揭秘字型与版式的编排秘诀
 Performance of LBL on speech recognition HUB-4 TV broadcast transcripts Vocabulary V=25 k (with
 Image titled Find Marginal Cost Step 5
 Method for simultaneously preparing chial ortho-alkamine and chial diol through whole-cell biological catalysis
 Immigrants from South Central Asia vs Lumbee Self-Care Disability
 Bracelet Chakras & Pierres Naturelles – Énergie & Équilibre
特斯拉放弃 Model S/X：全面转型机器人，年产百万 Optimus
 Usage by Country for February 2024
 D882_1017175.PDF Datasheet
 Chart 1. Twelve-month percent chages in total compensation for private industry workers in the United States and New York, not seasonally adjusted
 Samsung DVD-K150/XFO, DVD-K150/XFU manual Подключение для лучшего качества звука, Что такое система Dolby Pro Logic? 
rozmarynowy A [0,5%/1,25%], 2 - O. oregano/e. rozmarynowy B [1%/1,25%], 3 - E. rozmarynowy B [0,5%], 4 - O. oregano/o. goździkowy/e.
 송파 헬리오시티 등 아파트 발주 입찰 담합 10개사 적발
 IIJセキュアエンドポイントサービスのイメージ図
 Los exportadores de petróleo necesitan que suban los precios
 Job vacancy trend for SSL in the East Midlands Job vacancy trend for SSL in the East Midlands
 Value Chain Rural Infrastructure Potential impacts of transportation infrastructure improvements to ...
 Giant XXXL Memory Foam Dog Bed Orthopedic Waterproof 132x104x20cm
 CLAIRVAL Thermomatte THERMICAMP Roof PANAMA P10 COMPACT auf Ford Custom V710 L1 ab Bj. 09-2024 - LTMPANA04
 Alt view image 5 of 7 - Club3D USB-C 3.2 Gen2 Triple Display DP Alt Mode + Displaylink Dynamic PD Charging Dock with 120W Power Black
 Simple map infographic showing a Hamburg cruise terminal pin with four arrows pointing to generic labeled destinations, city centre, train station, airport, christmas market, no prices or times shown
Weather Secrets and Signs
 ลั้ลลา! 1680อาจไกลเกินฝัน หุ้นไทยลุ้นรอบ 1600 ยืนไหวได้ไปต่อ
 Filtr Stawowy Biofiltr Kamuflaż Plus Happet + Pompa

************

● What the exercise asks: Return exactly what appears above, from the first line of the entries to the line with "Weather Secrets and Signs", inclusive.

● Solution to this exercise:
揭秘字型与版式的编排秘诀
 Performance of LBL on speech recognition HUB-4 TV broadcast transcripts Vocabulary V=25 k (with
 Image titled Find Marginal Cost Step 5
 Method for simultaneously preparing chial ortho-alkamine and chial diol through whole-cell biological catalysis
 Immigrants from South Central Asia vs Lumbee Self-Care Disability
 Bracelet Chakras & Pierres Naturelles – Énergie & Équilibre
特斯拉放弃 Model S/X：全面转型机器人，年产百万 Optimus
 Usage by Country for February 2024
 D882_1017175.PDF Datasheet
 Chart 1. Twelve-month percent chages in total compensation for private industry workers in the United States and New York, not seasonally adjusted
 Samsung DVD-K150/XFO, DVD-K150/XFU manual Подключение для лучшего качества звука, Что такое система Dolby Pro Logic? 
rozmarynowy A [0,5%/1,25%], 2 - O. oregano/e. rozmarynowy B [1%/1,25%], 3 - E. rozmarynowy B [0,5%], 4 - O. oregano/o. goździkowy/e.
 송파 헬리오시티 등 아파트 발주 입찰 담합 10개사 적발
 IIJセキュアエンドポイントサービスのイメージ図
 Los exportadores de petróleo necesitan que suban los precios
 Job vacancy trend for SSL in the East Midlands Job vacancy trend for SSL in the East Midlands
 Value Chain Rural Infrastructure Potential impacts of transportation infrastructure improvements to ...
 Giant XXXL Memory Foam Dog Bed Orthopedic Waterproof 132x104x20cm
 CLAIRVAL Thermomatte THERMICAMP Roof PANAMA P10 COMPACT auf Ford Custom V710 L1 ab Bj. 09-2024 - LTMPANA04
 Alt view image 5 of 7 - Club3D USB-C 3.2 Gen2 Triple Display DP Alt Mode + Displaylink Dynamic PD Charging Dock with 120W Power Black
 Simple map infographic showing a Hamburg cruise terminal pin with four arrows pointing to generic labeled destinations, city centre, train station, airport, christmas market, no prices or times shown
Weather Secrets and Signs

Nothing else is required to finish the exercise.